When I still lift her up in this manner with people around–family, friends, people in Target–there are always remarks about how she is getting too big for me to lift like that. No, I always say. I will lift her up and hold her to me until her feet no longer leave the floor when I try to lift her. I don’t care how heavy she gets, or how weak I become. I will always pick up my child because, one day, I will put her down and never pick her back up ever again.

The magic broke and she slid down my body like an avalanche. Standing straight up against me, her head has reached my chest already. There’s only a short few feet left before we are eye to eye, with puberty no where in sight. My amazon girl.

She brings her dinner to the table and I stand there, willing myself to sit with her, talk about her day, go through some of those flash cards her father has made for her. It all feels so foreign to me.
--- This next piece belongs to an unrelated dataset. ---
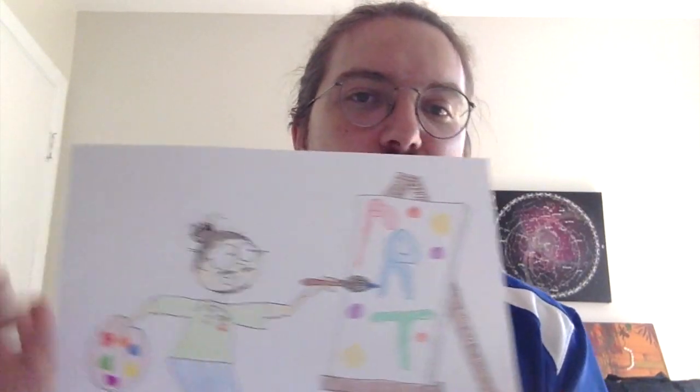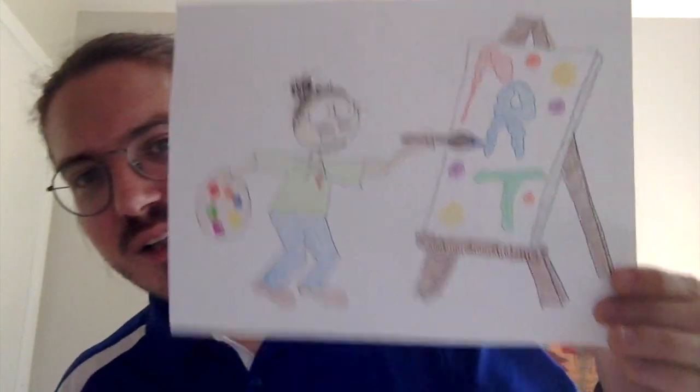I want you to imagine something fun that they might have done over spring break. It could be something like I drew myself doing last week — relaxing on the beach — maybe you think they made some artwork, or maybe it's something a little bit more unusual.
It all seems forced at this point still.

I remember when I brought her home, I would put her in the swing and sit across from her, curled up on the couch and just watch her. I had no idea with to do with her. I felt nothing. I knew she was a baby–my baby–and that she must be cared for, which I managed, but the bond between her and I was and always has been a strange thing.

She calms me. She will crawl into the bed–I am always in this damn bed–and she will curl up against my stomach like how I carried her for one millions months. She holds my hand if I cry. If I lock myself in the bathroom, when I finally emerge, there is usually a picture or a card on the floor waiting for me with a happy face and whatever sight words she could string together to make a sentence that day.

I talk a big talk.

I tell people that it’s okay to open up to your children about your mental disorder. I tell people that children have a right to know what is wrong with their parents, they have a right to know about the different sorts of emotions out there and that sometimes you get so many in your head that you simply can’t take it and you have to ask for help.

It looks brilliant on paper.

I used to, maybe even until last year, see my relationship with my Tiny Human as symbiotic. I would take care of her and she would take care of me and it would go on and on and never change. But there’s a rift. I am ashamed to ask for my 6 year old daughters help with problems that I should be able to handle myself. She walks around in sad moods for days and refuses to tell me what the matter is. I sit in this bed, clawing at myself for possibly already messing up this perfect little person who was brought into such an uncertain and hesitant world. She has to be the happy in my life. And she usually is, but those days where I cannot reach her, all I think about is that I SHOULD BE ABLE TO REACH HER….and then I think wow maybe people think that about me…that I should be reachable. I have been. I went a long stretch of being reachable and able to talk about what I had gone through for that year and a half nightmare of a time. But when I get into this bed, with the curtain drawn and pillows hiding me from reality, there’s nothing even left here to reach.

Sometimes Tiny Human is sent in, as some sort of bomb specialist. Cut the red wire, Tiny Human. Not the green. She always cuts the red and is able to extract me safely away from the crime scene.


But how is that suppose to feel? How can I possibly feel like a good  mother at the end of these days? I sit at the top of my stairs and watch her watch her evening TV shows. I should go down and sit next to her, but I am afraid that the chasm would still feel equally large and I could not bear that right at that moment. That moment, this moment, all the moments. I need to get a hold of myself. Calling myself a bad mother solves nothing because guess what, at the end of the day I AM STILL HER MOTHER. Good or bad, doesn’t make a difference. If I don’t do anything and just watch her evolve at a distance, like a museum exhibit, those are years I will never get back. But I will still be her mother.

(Try harder, people will say. Go for walks with her. Do puzzles. Do a craft. These are the same people that think going for a walk, doing puzzles, or doing a craft will cure my depression. Easily dismissed.)

So, people who half jokingly say that I am too small to lift my quickly growing not so Tiny Human, I am going to pick her up, an hold her to me and and rock back and forth with her chubby little cheek up against mine until my arms are sore. This I can do. This is what comes natural.

Mothers– perhaps mothers like me who feel like they belong on the island of misfit parents, pick yourself up from that floor. Give your kid the damn lunchable because it’s better than cereal. Slowly get closer and closer to your child before you find yourself next to them on the couch without the help of Klonipin.

And pick that child up.

Rock your baby. Rock your baby and know that all over the world women are doing the same thing. You know why? Because you cannot fail at it. In that moment where you are holding them as close as you can get without them getting back into your womb, you are not a bad mother.